Prologue
"The mothers you did not remember and barely gave us a name," the mothers of the book of Genesis present themselves: "We silently donated our wombs to the Bible."
Scene i
God, in a soprano voice, confesses: "I loved to hate and loved to love… I enjoyed discriminating, choosing preferring… I murdered thousands because I was insulted."
Scene ii
In a short aria a nameless mother expresses her biblical mission: "The promise given to him while I was asleep…myself, myself."
Scene iii
Sarah banished Hagar and Ishmael to the desert.
Scene iv
The symbolic biblical place for a rendezvous – the well. By the well in the scorching heat of the desert the women, who are not as strong as the male shepherds are , must give drink to their children.
Scene v
God, in a sarcastic jealousy aria of Eve "because only women talk to snakes.
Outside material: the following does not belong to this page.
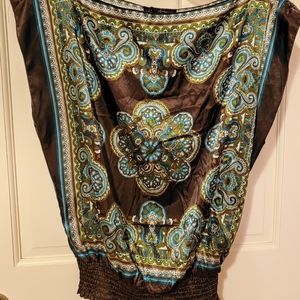 Satin brown/blue blouse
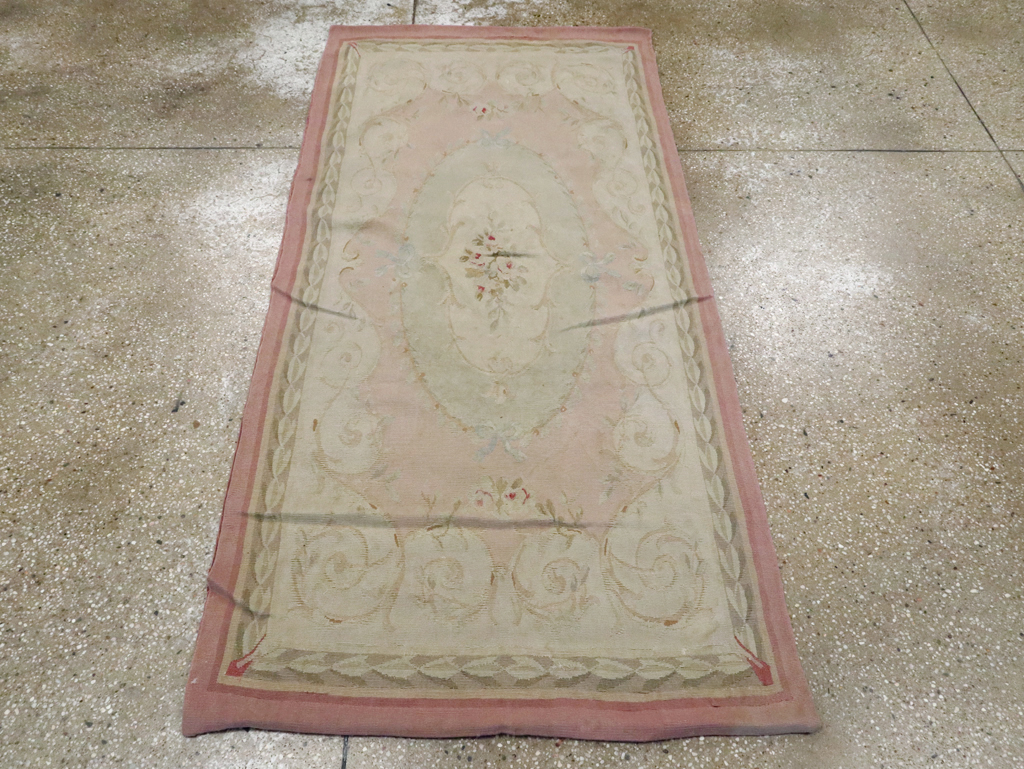 Antique French Aubusson Rug, No.14331 - Staging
They are faithful as the wind, they will sacrifice all… for an apple."
Scene vi
Lot's daughters tell their mother how Lot, their father, Was willing to give them to the maddening crowd in Sodom to do with them as the y wish . Lot's wife understands what her husband has done, she cannot bare the shame and the horror and decides to turn back.
Scene vii
After Jacob stole the .. from Esau and fled to Aram, Rebekah sings a lullaby to Esau in which she confesses her part in the stealth and that "mother loves you…but less."
Scene viii
Potiphar's wife lusts for Joseph. She is "hot, desperate" and wants him "like a man's wife."
Scene ix
The sisters Rachel and Lea, the wives of Jacob, meet after t heir father switched them and confess to each other: "How I cried, when he looked at me and called: It was not you I waited for, it wasn’t' you I wanted."
Scene x
The handmaids Zilpa and Bilha understand that their children have to stand upfront in the camp and defend with their bodies their brothers who were born to Lea and Rachel, as Esau is marching towards them with his soldiers.
Scene xi
The sacrifice of Isaac from the perspective of Sarah. The mother, who was never asked or told about the planned sacrifice of her lone child, ends the aria with her own sacrifice.
Scene xii
Noah's wife tries to come to terms with the new world after the flood, a world "so full of corpses…people and animals," and asks, "was it worth it to drown everything?'
Final scene
All women, "the mothers you did not remember," meet God who ends the opera with the words: "I have no more pity."